Admettons-le, cette interview d’une grande professeure en neuropsychologie était ratée. Cela nous arrive à tous (mais nous n’en parlons jamais sur LinkedIn). Nous étions un vendredi soir, le dernier avant les congés de décembre. J’étais mal préparée, elle n’avait aucune envie de me faciliter la tâche, et tout le monde avait envie d’être en vacances.
Alors je lui ai fichu la paix et je suis allée lire les articles de Gopnik. Cette grande professeure de psychologie, professeure associée de philosophie à Berkeley, a publié des travaux de pointe en sciences cognitives et en psychologie du développement. Très bien. Mais, surtout (ô merveille), elle maîtrise assez son sujet pour le décliner avec humour. Son Anti-manuel d’éducation est une mine de faits scientifiques au service de la déculpabilisation des parents.
Dans une chronique pour le Wall Street Journal, elle raconte une expérience très intéressante qu’elle a menée avec la jeune chercheuse Emily Liquin (on note au passage l’élégante mise en valeur des post-doctorants).
Des cubes et des huîtres
Elles ont demandé à des enfants et des adultes de jouer à un petit jeu. Le but était d’insérer des cubes dans une machine pour trouver les cubes « gagnants ». En constatant que les cubes à rayures blanches gagnaient et que les cubes à pois blancs perdaient, les adultes ont vite déduit une règle simple: les rayures gagnent, les pois perdent.

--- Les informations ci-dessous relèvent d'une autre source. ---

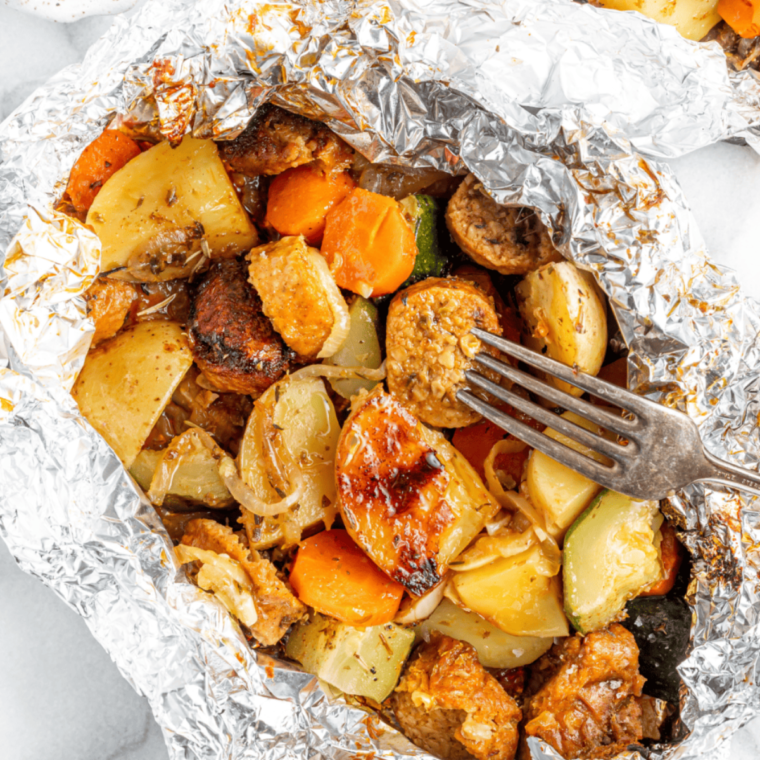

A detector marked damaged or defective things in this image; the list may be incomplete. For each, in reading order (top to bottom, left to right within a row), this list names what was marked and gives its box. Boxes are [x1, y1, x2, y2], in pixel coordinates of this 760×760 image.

charred food piece [217, 104, 354, 177]
charred food piece [446, 174, 560, 274]
charred food piece [85, 276, 139, 344]
charred food piece [189, 258, 298, 394]
charred food piece [386, 276, 504, 428]
charred food piece [181, 516, 306, 648]
charred food piece [392, 632, 524, 760]
charred food piece [524, 624, 644, 760]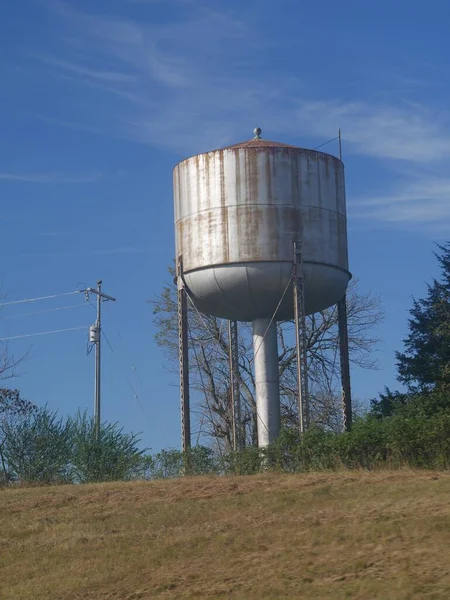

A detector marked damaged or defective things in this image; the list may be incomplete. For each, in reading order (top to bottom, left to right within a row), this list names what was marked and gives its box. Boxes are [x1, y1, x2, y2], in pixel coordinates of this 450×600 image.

rusted metal surface [172, 140, 352, 322]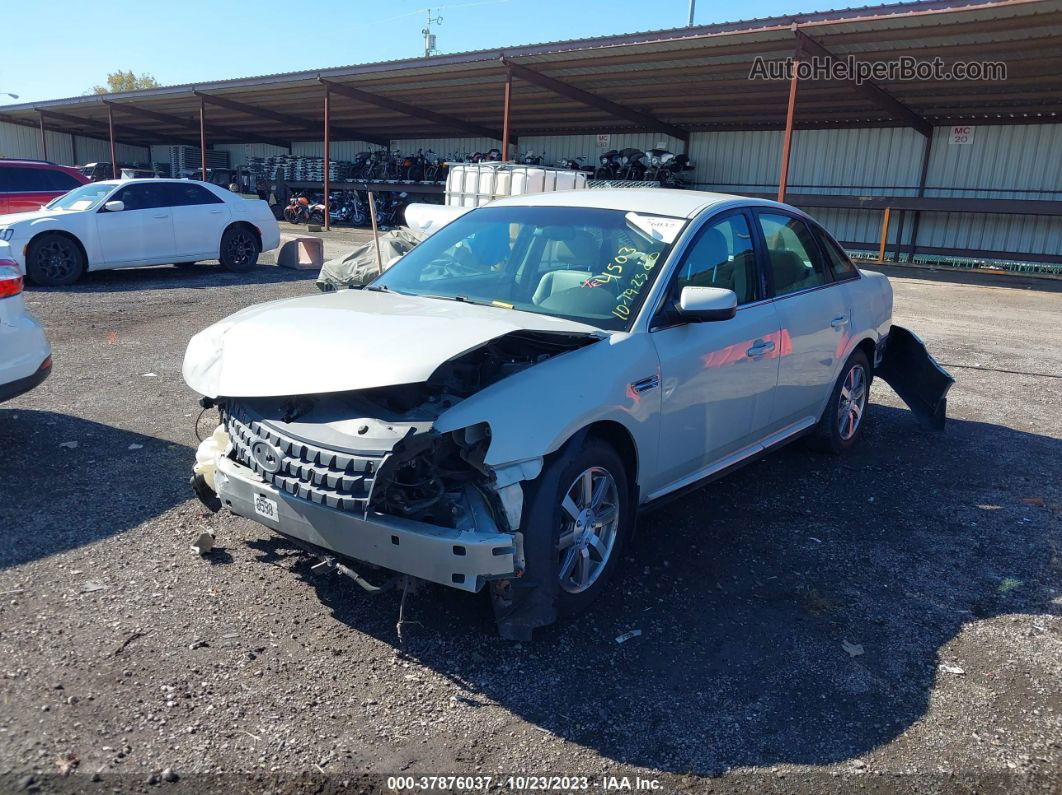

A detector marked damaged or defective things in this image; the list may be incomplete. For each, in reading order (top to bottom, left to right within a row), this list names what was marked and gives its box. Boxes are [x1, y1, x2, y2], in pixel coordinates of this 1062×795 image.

damaged white sedan [183, 191, 956, 640]
detached fender [880, 326, 956, 432]
crumpled front bumper [213, 454, 520, 592]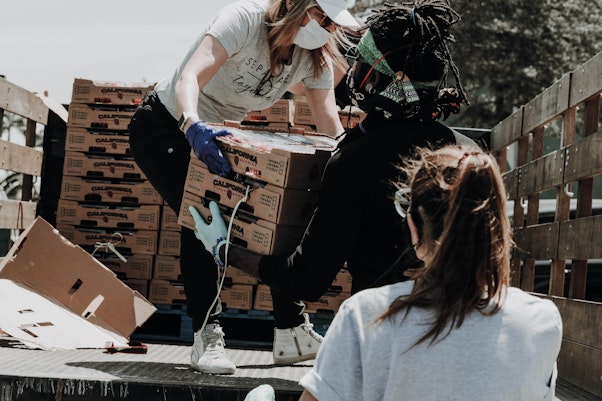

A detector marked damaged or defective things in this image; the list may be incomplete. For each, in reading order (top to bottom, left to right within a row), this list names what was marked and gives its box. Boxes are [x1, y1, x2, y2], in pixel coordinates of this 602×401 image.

torn cardboard [0, 217, 155, 348]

C’est bien ça ? Non, perdu.
Quand nous, les adultes, essayons quelque chose de nouveau, comme les huîtres ou l’art abstrait, et que ça se passe mal, nous avons tendance à ne pas réessayer, explique Alison Gopnik. C’est aussi ce qui nous permet de ne plus jamais traverser la route sans regarder. Mais le danger, c’est de ne plus jamais goûter d’huîtres à cause d’un individu avarié, de ne plus mettre les pieds au musée à cause d’une installation tout aussi indigeste, et de passer à côté de moments délicieux.
Les enfants qui ont participé à l’expérience ont continué de mettre des cubes dans la machine, à pois, à rayures, de toutes les couleurs. Juste pour voir ce que ça faisait, quitte à perdre des points au jeu. Et ils ont bien fini par se rendre compte que tous les cubes étaient gagnants, sauf ceux à pois blancs. Alors que 70% des adultes n’ont jamais trouvé la solution.
Tout ça, c’est à cause des huîtres ? Non, c’est à cause de notre cerveau d’adulte. En grandissant, notre cortex préfrontal se développe, nous gagnons en prudence et en efficacité. Alors que les enfants sont des explorateurs naturels.
En 2022, j’aimerais continuer d’explorer. De tenter des interviews intimidantes, même si elles sont ratées. Je vais continuer de mêler joyeusement, dans mon travail, grandes institutions et traductions de romans graphiques, récits corporate et balades en forêt. Je me suis même mise à la menuiserie, à la grande terreur de mon compagnon. C’est pas terrible pour le moment, mais on n’est pas à l’abri d’une réussite.
Je vous souhaite donc, du fond du cœur, de très intéressants ratages en 2022.